Created 02-18-2016 01:31 PM
@sivasaravanakumar k Another way of doing incremental import can be is to do each incremental as a separate partition of Hive table.
First create an external partitioned table
CREATE EXTERNAL TABLE h2 (id int, name STRING, ts TIMESTAMP) PARTITIONED BY (pt=string) ROW FORMAT DELIMITED FIELDS TERMINATED BY ',' STORED AS TEXTFILE location '/user/it1/sqin5';
Then sqoop data to external partitions by specifying HDFS external location.

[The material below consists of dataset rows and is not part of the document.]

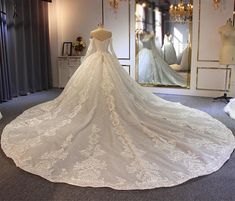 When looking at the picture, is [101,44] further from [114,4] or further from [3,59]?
[114,4]

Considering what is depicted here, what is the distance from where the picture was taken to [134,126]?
3.60m

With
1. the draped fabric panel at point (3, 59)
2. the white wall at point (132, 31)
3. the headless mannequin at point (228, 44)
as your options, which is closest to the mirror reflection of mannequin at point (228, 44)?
the headless mannequin at point (228, 44)

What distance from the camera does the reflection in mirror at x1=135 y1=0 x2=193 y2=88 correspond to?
6.37 m

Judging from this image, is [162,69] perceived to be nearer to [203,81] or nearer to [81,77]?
[203,81]

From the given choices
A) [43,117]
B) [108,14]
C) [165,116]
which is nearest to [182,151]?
[165,116]

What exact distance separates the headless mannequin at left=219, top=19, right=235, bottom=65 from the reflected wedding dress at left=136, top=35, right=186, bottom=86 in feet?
3.84

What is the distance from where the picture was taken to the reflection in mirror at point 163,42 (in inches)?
251

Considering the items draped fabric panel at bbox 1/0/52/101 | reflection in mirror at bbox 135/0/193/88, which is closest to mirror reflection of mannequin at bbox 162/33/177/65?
reflection in mirror at bbox 135/0/193/88

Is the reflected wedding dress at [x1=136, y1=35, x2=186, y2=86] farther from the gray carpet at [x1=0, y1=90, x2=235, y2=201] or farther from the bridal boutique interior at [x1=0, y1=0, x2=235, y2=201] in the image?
the gray carpet at [x1=0, y1=90, x2=235, y2=201]

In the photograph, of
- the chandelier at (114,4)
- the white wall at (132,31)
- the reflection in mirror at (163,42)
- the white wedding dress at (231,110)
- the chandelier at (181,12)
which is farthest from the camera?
the chandelier at (114,4)

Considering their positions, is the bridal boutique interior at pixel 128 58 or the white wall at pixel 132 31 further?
the white wall at pixel 132 31

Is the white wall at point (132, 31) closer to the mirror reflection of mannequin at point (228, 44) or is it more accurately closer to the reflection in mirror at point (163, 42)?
the reflection in mirror at point (163, 42)

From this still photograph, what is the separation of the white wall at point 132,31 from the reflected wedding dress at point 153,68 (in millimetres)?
186

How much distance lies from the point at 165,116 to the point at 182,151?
118 cm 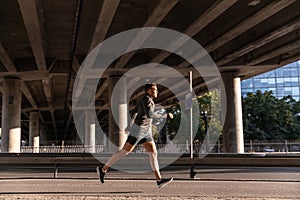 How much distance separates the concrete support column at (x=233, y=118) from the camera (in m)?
25.7

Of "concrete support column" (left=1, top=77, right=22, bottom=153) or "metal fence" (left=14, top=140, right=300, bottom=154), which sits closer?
"concrete support column" (left=1, top=77, right=22, bottom=153)

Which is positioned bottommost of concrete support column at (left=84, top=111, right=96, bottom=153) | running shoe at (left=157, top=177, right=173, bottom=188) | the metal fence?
running shoe at (left=157, top=177, right=173, bottom=188)

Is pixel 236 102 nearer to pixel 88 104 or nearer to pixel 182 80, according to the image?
pixel 182 80

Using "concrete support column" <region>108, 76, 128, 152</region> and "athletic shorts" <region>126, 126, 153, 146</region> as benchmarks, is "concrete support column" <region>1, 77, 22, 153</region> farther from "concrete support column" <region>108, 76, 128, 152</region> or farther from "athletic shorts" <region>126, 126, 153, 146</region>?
"athletic shorts" <region>126, 126, 153, 146</region>

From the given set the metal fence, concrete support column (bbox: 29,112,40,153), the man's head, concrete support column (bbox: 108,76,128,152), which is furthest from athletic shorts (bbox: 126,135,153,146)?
concrete support column (bbox: 29,112,40,153)

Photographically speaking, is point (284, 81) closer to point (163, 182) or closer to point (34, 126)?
point (34, 126)

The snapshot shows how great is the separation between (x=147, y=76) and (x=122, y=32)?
28.5 feet

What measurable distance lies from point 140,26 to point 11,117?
550 inches

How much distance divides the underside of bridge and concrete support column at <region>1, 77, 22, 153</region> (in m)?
0.97

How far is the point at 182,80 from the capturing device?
30.5 metres

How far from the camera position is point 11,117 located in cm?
2708

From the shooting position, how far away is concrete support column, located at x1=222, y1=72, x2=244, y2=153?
84.3 ft

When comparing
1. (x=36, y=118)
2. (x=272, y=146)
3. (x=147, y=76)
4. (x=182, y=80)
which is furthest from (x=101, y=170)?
(x=36, y=118)

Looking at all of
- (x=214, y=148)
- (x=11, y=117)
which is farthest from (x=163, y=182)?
(x=214, y=148)
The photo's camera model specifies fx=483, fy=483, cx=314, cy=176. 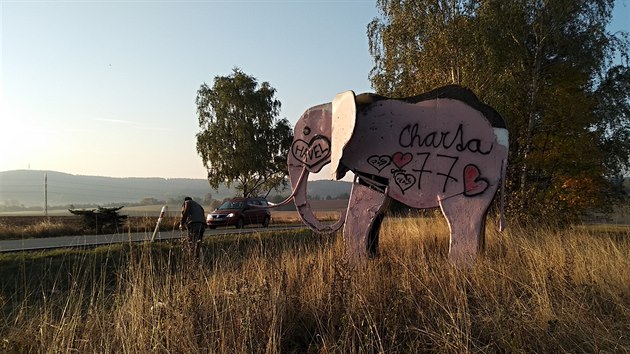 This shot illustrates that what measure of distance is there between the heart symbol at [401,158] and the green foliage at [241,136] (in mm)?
23996

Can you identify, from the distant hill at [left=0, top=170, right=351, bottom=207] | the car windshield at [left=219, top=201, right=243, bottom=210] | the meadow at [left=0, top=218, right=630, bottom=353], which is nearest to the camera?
the meadow at [left=0, top=218, right=630, bottom=353]

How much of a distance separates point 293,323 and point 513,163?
1117 cm

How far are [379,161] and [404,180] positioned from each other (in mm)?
414

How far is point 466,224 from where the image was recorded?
5918mm

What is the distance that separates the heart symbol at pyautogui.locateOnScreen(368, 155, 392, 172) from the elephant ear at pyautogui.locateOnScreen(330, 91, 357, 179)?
425 millimetres

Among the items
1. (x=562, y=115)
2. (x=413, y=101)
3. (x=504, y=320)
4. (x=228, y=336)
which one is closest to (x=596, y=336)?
(x=504, y=320)

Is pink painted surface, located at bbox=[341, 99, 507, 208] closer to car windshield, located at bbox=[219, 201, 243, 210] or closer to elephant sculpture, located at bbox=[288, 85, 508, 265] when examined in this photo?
elephant sculpture, located at bbox=[288, 85, 508, 265]

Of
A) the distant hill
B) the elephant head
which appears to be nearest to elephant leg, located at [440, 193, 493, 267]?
the elephant head

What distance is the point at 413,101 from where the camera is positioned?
6.38 meters

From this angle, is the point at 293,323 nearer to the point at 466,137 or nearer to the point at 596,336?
the point at 596,336

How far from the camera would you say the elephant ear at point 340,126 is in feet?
20.3

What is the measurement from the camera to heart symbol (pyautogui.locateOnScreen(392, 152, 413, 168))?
6.22 metres

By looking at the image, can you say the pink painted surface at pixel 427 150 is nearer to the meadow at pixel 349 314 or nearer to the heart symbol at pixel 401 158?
the heart symbol at pixel 401 158

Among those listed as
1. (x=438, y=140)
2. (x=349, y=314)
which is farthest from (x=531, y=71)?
(x=349, y=314) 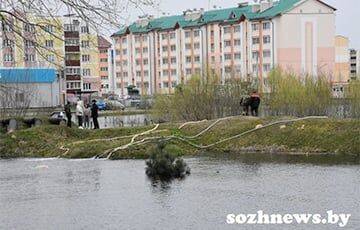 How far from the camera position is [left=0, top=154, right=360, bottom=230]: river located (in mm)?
12438

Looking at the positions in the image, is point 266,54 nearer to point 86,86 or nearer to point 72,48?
point 86,86

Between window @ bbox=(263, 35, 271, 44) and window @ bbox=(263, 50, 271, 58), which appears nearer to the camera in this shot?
window @ bbox=(263, 50, 271, 58)

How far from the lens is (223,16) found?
289 ft

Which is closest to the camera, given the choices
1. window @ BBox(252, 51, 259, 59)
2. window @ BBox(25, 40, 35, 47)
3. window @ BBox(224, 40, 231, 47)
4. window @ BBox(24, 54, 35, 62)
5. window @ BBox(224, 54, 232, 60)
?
window @ BBox(25, 40, 35, 47)

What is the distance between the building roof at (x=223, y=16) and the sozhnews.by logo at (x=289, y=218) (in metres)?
63.4

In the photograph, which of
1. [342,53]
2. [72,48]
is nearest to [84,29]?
[72,48]

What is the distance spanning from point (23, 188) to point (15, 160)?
7968 millimetres

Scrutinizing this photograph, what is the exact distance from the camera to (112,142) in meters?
25.3

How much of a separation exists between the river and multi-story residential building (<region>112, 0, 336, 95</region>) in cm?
4999

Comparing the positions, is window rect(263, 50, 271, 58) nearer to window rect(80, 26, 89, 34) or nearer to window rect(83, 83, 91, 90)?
window rect(83, 83, 91, 90)

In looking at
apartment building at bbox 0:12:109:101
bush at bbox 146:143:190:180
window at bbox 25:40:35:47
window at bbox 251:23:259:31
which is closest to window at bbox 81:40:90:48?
apartment building at bbox 0:12:109:101

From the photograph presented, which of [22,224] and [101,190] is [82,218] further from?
[101,190]

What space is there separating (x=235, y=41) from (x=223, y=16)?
3.77 metres

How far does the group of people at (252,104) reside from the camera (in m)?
29.8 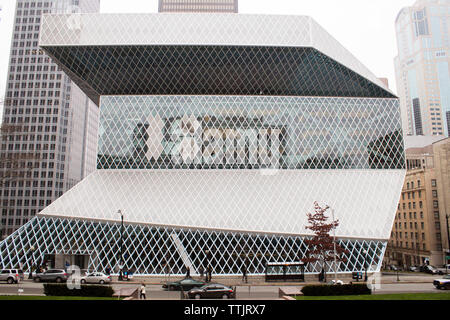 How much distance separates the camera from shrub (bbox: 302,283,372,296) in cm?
2059

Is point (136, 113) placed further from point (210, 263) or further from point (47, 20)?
point (210, 263)

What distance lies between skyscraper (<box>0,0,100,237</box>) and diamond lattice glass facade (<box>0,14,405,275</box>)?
60835 millimetres

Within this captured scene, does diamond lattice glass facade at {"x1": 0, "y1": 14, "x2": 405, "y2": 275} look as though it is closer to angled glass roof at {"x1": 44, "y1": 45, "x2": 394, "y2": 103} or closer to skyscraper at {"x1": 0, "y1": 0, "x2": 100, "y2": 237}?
angled glass roof at {"x1": 44, "y1": 45, "x2": 394, "y2": 103}

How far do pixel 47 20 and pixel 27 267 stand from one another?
30.8 meters

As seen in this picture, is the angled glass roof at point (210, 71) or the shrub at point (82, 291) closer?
the shrub at point (82, 291)

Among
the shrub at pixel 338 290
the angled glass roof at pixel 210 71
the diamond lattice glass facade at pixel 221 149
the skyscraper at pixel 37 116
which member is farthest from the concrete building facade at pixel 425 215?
the skyscraper at pixel 37 116

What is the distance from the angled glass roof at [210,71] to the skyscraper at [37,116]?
6266 cm

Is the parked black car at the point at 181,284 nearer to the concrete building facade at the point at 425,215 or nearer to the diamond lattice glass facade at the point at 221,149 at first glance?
the diamond lattice glass facade at the point at 221,149

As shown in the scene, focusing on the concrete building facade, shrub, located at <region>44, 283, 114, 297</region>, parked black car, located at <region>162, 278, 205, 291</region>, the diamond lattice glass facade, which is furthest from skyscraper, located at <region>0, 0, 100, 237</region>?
the concrete building facade

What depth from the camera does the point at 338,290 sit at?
20.7m

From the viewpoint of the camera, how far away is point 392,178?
138 ft

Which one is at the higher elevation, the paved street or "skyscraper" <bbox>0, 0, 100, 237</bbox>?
"skyscraper" <bbox>0, 0, 100, 237</bbox>

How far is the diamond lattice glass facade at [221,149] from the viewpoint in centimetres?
3450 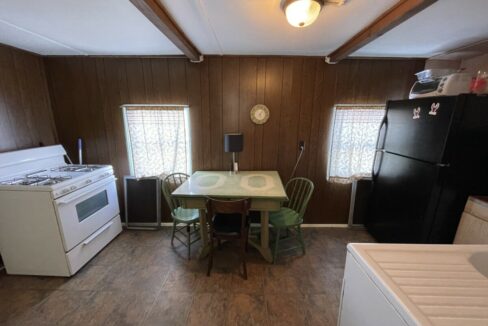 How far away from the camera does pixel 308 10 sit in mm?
1247

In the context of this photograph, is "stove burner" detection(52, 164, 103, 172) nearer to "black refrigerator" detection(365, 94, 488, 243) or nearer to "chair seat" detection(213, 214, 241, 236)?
"chair seat" detection(213, 214, 241, 236)

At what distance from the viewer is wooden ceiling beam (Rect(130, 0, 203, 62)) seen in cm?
124

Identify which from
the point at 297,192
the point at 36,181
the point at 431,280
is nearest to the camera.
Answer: the point at 431,280

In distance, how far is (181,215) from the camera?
2.31 metres

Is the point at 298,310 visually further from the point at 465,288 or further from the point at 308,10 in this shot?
the point at 308,10

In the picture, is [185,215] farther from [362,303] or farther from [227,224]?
[362,303]

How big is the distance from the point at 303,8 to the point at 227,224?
6.07 feet

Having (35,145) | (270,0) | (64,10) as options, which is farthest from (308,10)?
(35,145)

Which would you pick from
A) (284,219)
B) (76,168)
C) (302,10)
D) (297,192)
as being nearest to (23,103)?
(76,168)

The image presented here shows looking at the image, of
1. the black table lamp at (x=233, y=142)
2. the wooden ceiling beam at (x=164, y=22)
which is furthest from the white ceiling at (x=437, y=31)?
the wooden ceiling beam at (x=164, y=22)

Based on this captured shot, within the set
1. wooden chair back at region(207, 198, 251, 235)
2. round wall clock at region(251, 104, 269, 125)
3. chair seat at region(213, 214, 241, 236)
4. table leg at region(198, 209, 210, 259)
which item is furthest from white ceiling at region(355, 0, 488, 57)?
table leg at region(198, 209, 210, 259)

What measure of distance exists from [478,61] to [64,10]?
3833 millimetres

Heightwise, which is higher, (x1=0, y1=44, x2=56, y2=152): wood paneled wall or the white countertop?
(x1=0, y1=44, x2=56, y2=152): wood paneled wall

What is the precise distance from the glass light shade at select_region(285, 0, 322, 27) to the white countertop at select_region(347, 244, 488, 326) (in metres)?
1.37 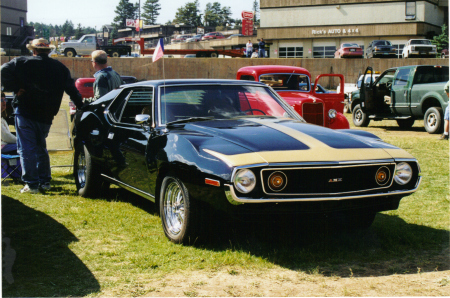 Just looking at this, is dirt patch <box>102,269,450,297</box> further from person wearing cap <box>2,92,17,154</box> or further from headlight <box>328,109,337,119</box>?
headlight <box>328,109,337,119</box>

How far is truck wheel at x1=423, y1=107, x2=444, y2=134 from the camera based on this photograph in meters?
13.9

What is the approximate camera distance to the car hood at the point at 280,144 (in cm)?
393

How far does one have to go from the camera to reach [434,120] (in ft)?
46.4

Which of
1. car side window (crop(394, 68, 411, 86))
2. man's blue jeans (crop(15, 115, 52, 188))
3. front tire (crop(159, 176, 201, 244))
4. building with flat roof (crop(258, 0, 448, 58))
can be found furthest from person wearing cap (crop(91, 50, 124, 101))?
building with flat roof (crop(258, 0, 448, 58))

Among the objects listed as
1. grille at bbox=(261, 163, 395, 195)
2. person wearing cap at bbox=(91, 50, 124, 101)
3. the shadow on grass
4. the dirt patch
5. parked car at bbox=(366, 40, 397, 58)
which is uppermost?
parked car at bbox=(366, 40, 397, 58)

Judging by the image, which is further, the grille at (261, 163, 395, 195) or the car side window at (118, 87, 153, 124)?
the car side window at (118, 87, 153, 124)

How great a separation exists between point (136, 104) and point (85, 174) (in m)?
1.31

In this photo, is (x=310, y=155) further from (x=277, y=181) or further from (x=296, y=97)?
(x=296, y=97)

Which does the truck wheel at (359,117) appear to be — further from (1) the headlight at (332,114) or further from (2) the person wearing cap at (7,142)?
(2) the person wearing cap at (7,142)

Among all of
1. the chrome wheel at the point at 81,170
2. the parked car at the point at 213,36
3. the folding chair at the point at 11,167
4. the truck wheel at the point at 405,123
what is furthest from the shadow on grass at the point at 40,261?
the parked car at the point at 213,36

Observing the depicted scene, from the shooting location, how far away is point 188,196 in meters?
4.12

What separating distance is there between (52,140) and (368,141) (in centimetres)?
576

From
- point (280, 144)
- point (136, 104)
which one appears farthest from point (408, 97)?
point (280, 144)

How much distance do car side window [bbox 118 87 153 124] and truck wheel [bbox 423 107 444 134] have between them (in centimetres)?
1040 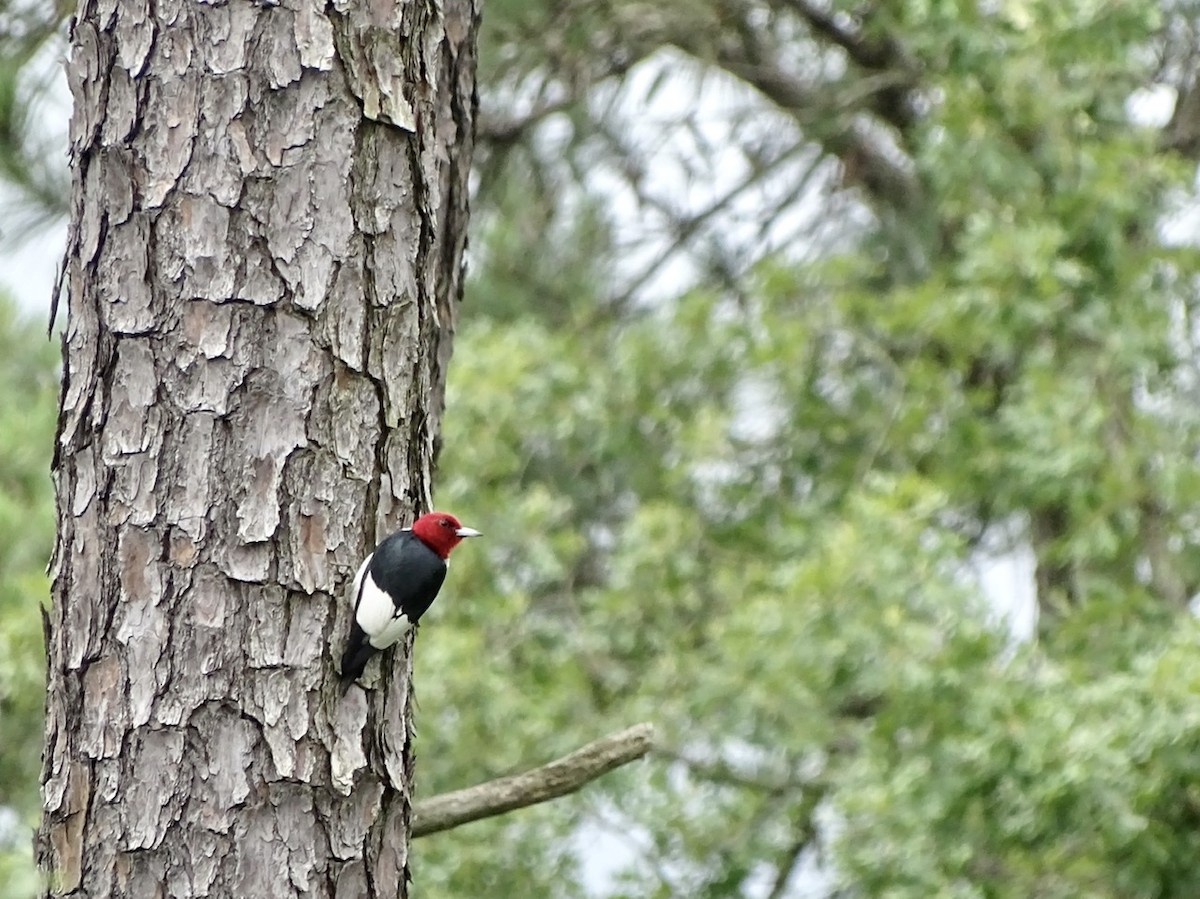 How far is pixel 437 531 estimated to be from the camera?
2320mm

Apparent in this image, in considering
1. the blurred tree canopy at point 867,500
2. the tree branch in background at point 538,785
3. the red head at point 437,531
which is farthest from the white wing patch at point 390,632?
the blurred tree canopy at point 867,500

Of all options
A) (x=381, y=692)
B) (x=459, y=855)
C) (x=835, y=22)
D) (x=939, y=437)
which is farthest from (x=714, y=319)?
(x=381, y=692)

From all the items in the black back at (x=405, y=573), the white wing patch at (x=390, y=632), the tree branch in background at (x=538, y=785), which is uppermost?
the black back at (x=405, y=573)

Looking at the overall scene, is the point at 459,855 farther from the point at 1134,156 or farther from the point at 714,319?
the point at 1134,156

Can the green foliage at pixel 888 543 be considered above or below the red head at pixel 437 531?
above

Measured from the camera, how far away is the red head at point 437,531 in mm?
2273

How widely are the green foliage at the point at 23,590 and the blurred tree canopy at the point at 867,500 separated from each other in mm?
988

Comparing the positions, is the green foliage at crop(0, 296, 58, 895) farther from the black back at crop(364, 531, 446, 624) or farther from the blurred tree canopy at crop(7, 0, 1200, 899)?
the black back at crop(364, 531, 446, 624)

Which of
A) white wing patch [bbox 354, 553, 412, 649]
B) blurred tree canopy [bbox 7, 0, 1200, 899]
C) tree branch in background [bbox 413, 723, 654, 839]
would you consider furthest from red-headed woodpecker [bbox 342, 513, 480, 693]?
blurred tree canopy [bbox 7, 0, 1200, 899]

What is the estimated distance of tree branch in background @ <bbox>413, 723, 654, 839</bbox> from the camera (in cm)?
246

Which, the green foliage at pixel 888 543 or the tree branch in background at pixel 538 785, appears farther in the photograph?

sqoop import--connect jdbc:mysql://localhost:3306/test --driver com.mysql.jdbc.Driver --username it1 --password hadoop --table st1 --where "where id < 5000" --target-dir /user/it1/sqin5/pt=0 -m 1
Add partition to Hive table
alter table h2 add PARTITION(pt=0) LOCATION '/user/it1/sqin5/pt=0';
Verify table count. It should return 5000 rows. Now, run an incremental sqoop by specifying appropriate where clause
sqoop import--connect jdbc:mysql://localhost:3306/test --driver com.mysql.jdbc.Driver --username it1 --password hadoop --table st1 --where "where id > 5000 and id < 10000" --target-dir /user/it1/sqin5/pt=1 -m 1
Add 2nd partition to Hive table.
alter table h2 add PARTITION(pt=1) LOCATION '/user/it1/sqin5/pt=1';
Verify table count. It should return 10,000 rows.